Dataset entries
====

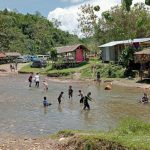 Permandian Sungai Boro Boro, Wisata Alternatif Habiskan Libur Akhir Pekan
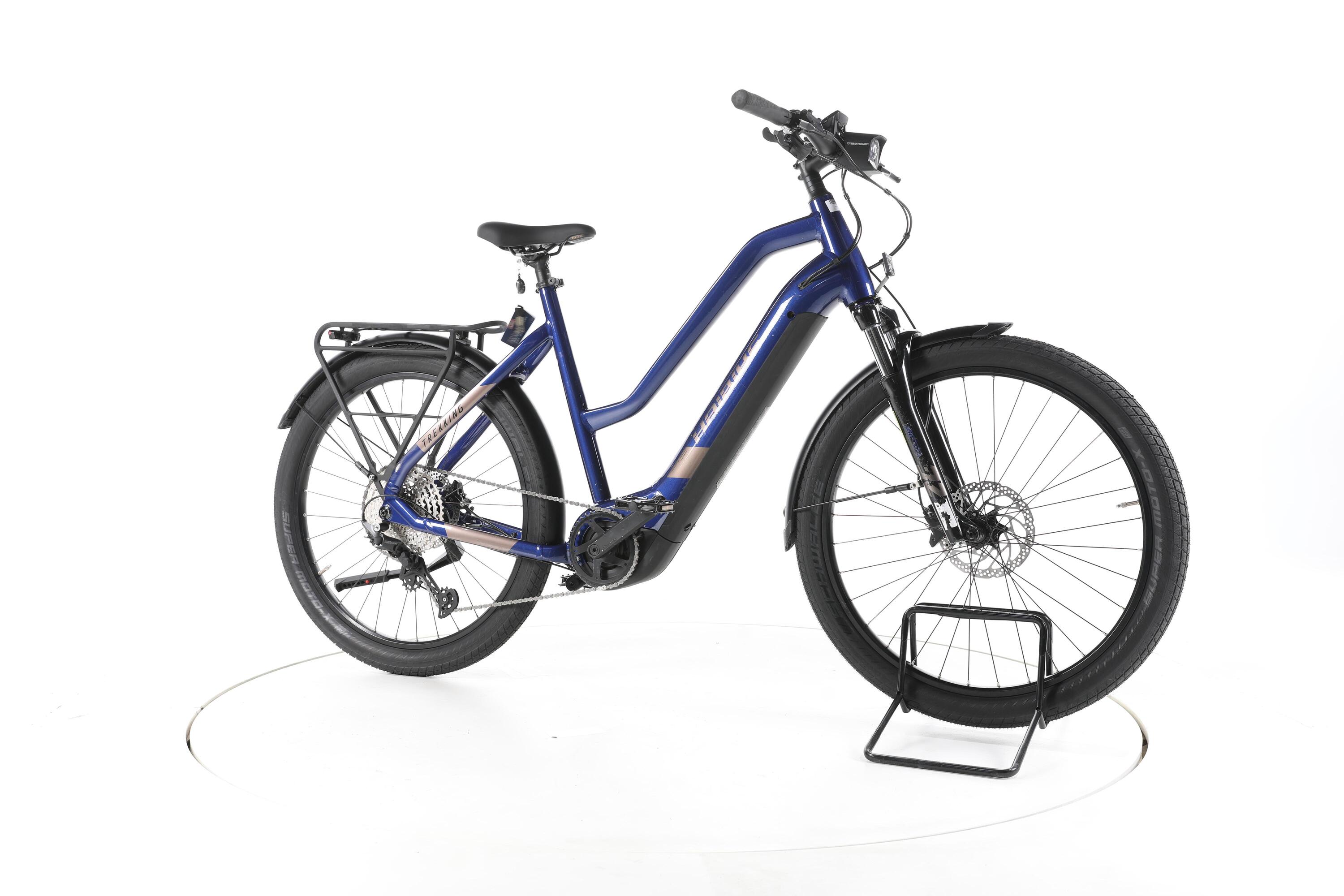 Ebike ricondizionata · Haibike Trekking 7 · Buone condizioni 2/7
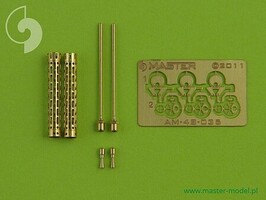 Master-Model 1/48 Master Model German WW I machine gun Spandau LMG 08/15 (2pcs)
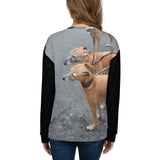 Unisex Sweatshirt - Paris Dogs 3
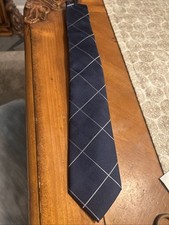 Michael Kors Men's Navy Blue Neck tie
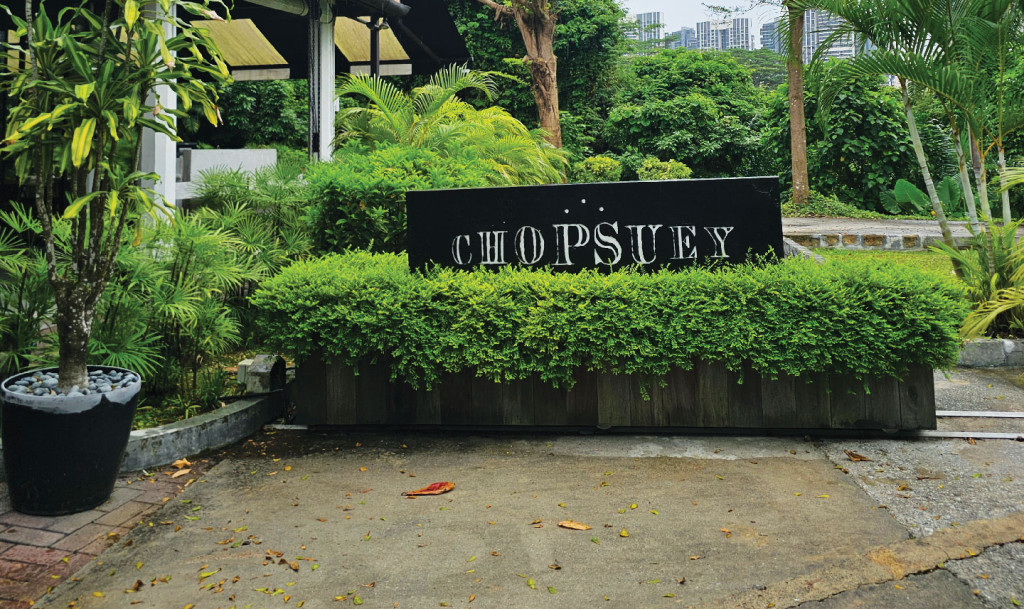 ChopSuey Cafe shop front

====

▸ Task requirements
Text only, pictures out: give every record again as written.

▸ Task solution
 Permandian Sungai Boro Boro, Wisata Alternatif Habiskan Libur Akhir Pekan
 Ebike ricondizionata · Haibike Trekking 7 · Buone condizioni 2/7
 Master-Model 1/48 Master Model German WW I machine gun Spandau LMG 08/15 (2pcs)
 Unisex Sweatshirt - Paris Dogs 3
 Michael Kors Men's Navy Blue Neck tie
 ChopSuey Cafe shop front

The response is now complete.